[DATA TO PROCESS]
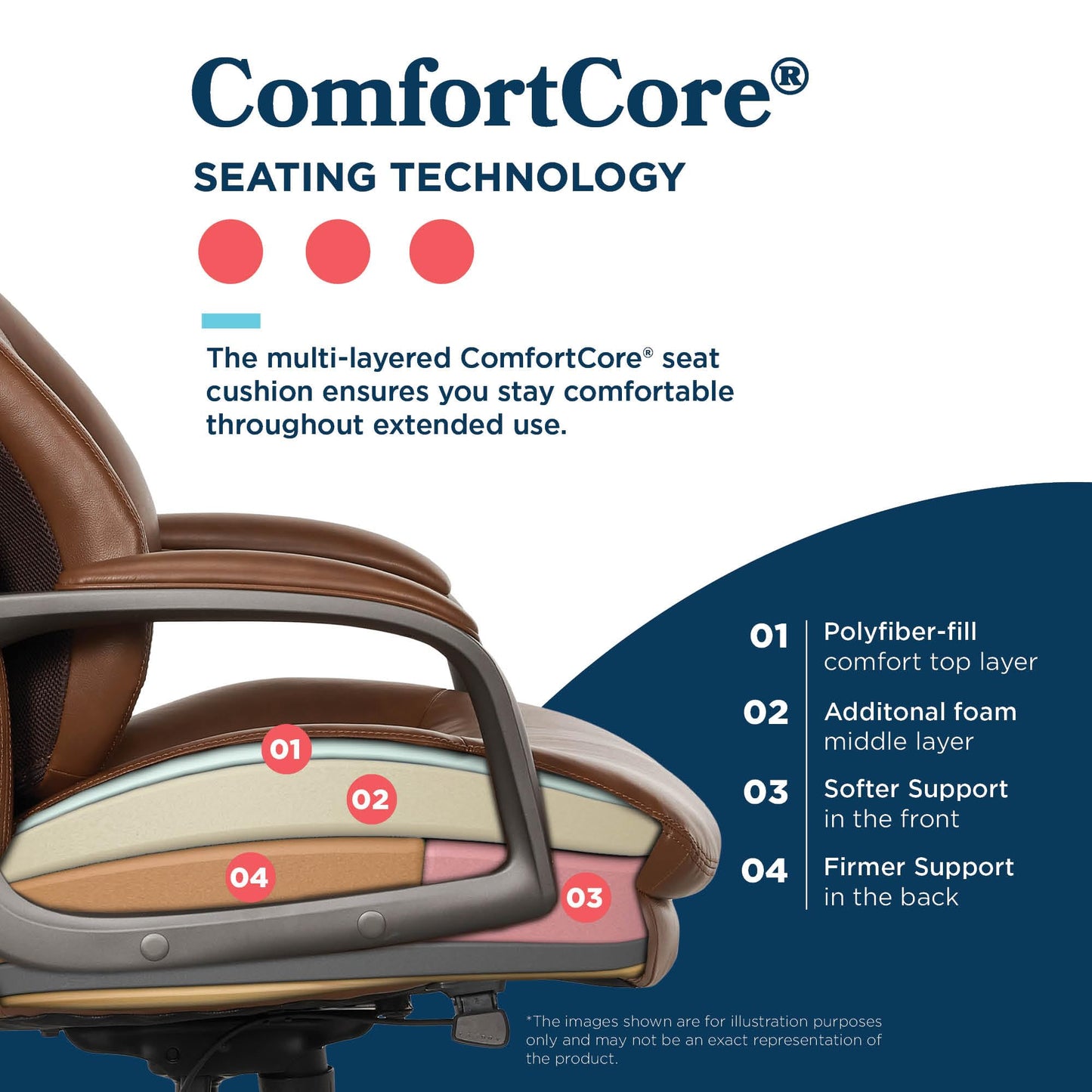 La-Z-Boy Nova Executive Office Chair - Ergonomic High Back Desk Chair with AIR Lumbar Support - Comfortable ComputerChair for Home Office - Vegan Leather - Cognac Brown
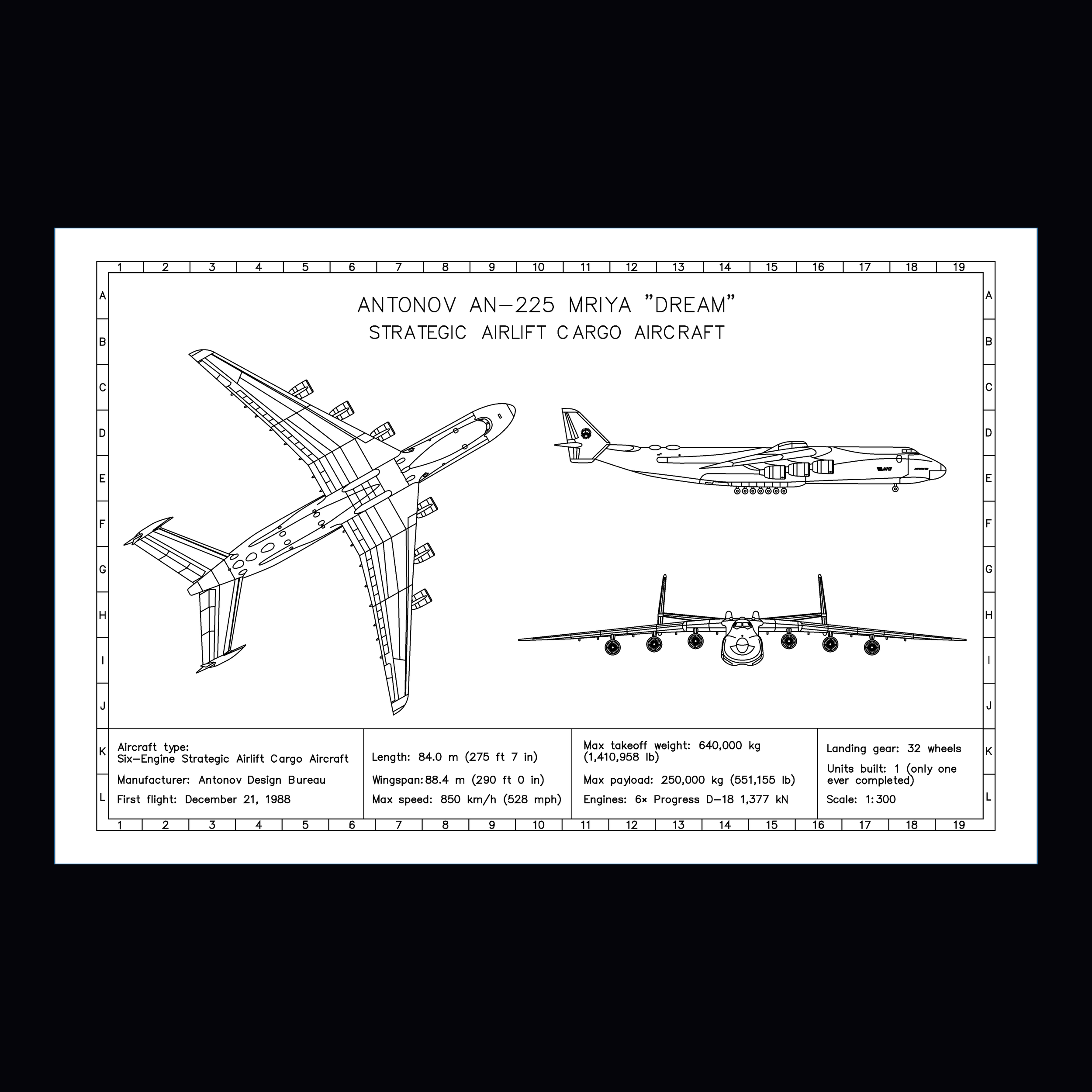 Antonov An-225 Mriya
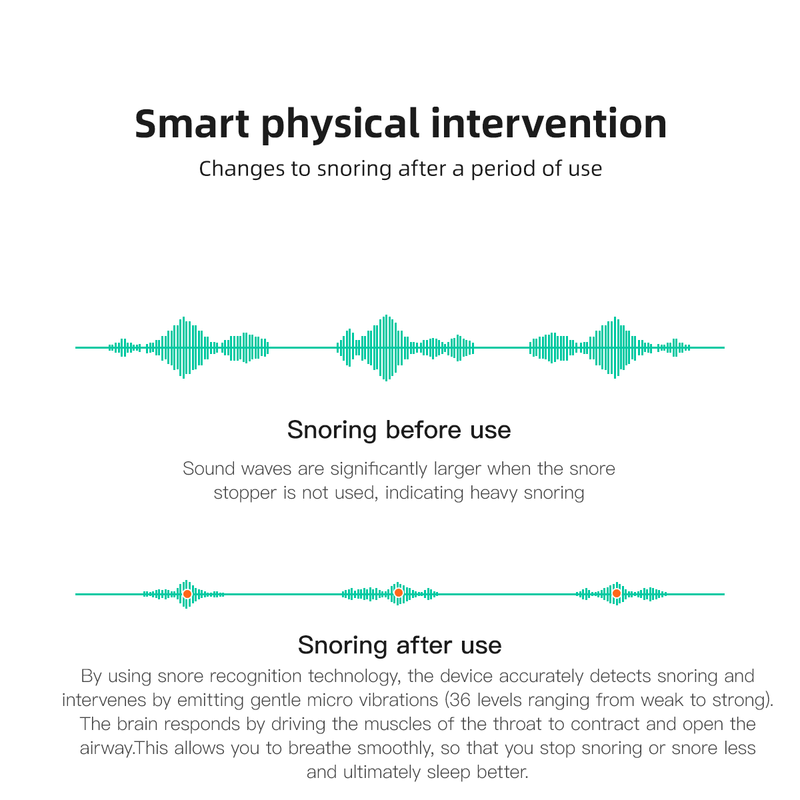 24 Hours Bluetooth Anti-snoring Device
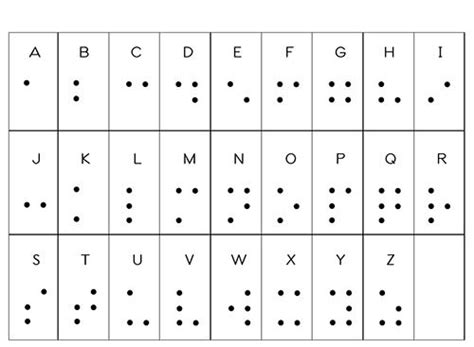 Simple Braille Alphabet Chart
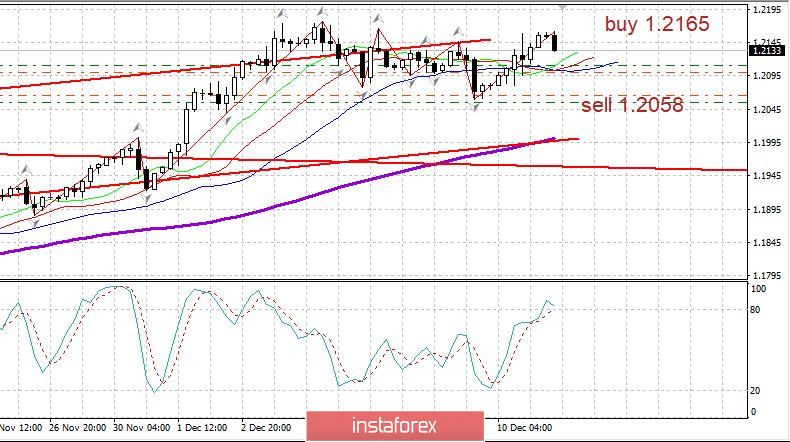 Торговый план 11.12. EURUSD. Covid19 - В США и Германии всё плохо. Ждем вакцинации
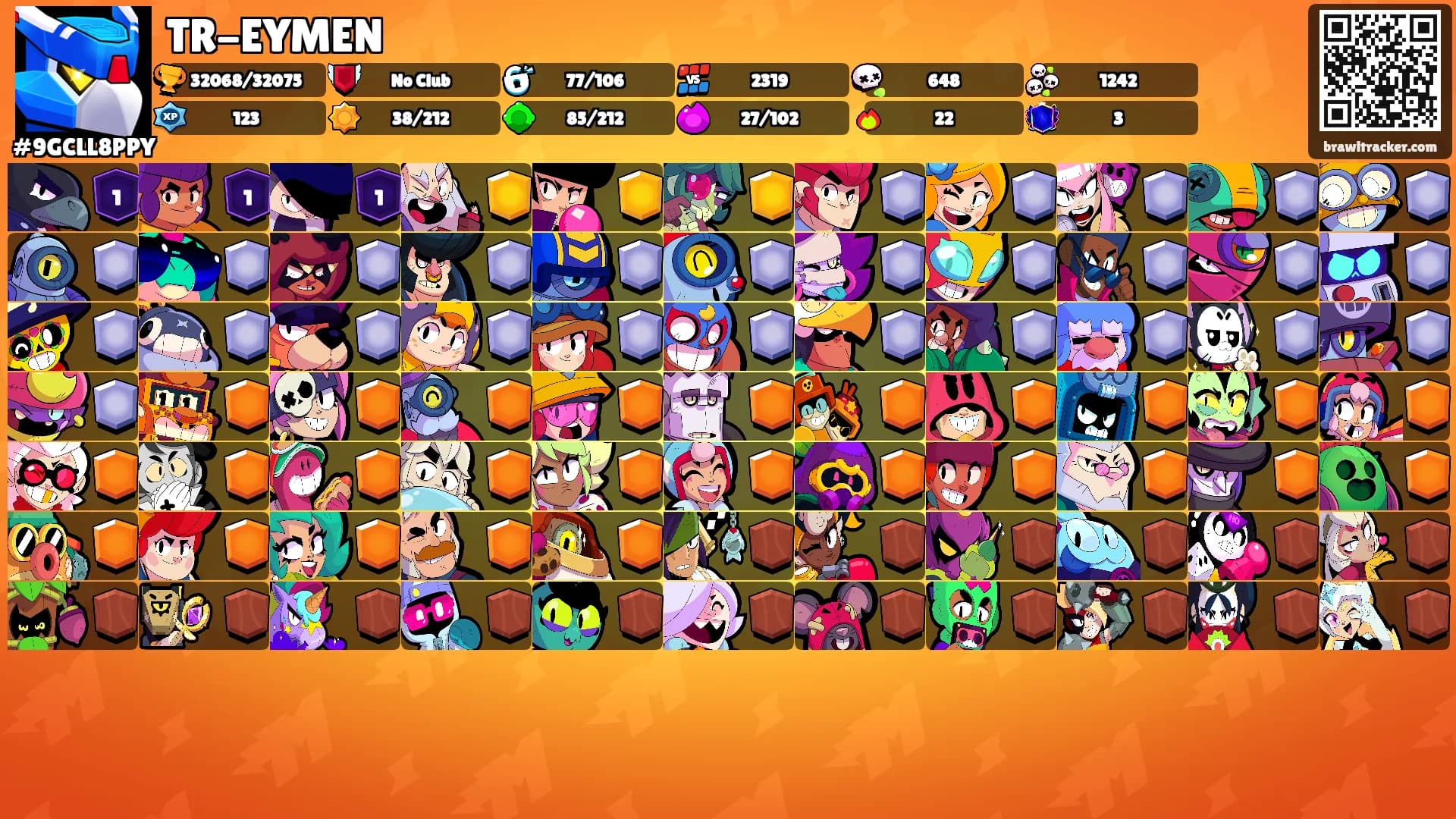 TR-EYMEN's Ranks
[/DATA TO PROCESS]
▶ _WHAT THIS TASK INVOLVES_: Repeat exactly the lines from the one containing "Simple Braille Alphabet Chart" to the last line of the records above, including both, and leave out any pictures.

▶ _SOLVED PROBLEM_:
 Simple Braille Alphabet Chart
 Торговый план 11.12. EURUSD. Covid19 - В США и Германии всё плохо. Ждем вакцинации
 TR-EYMEN's Ranks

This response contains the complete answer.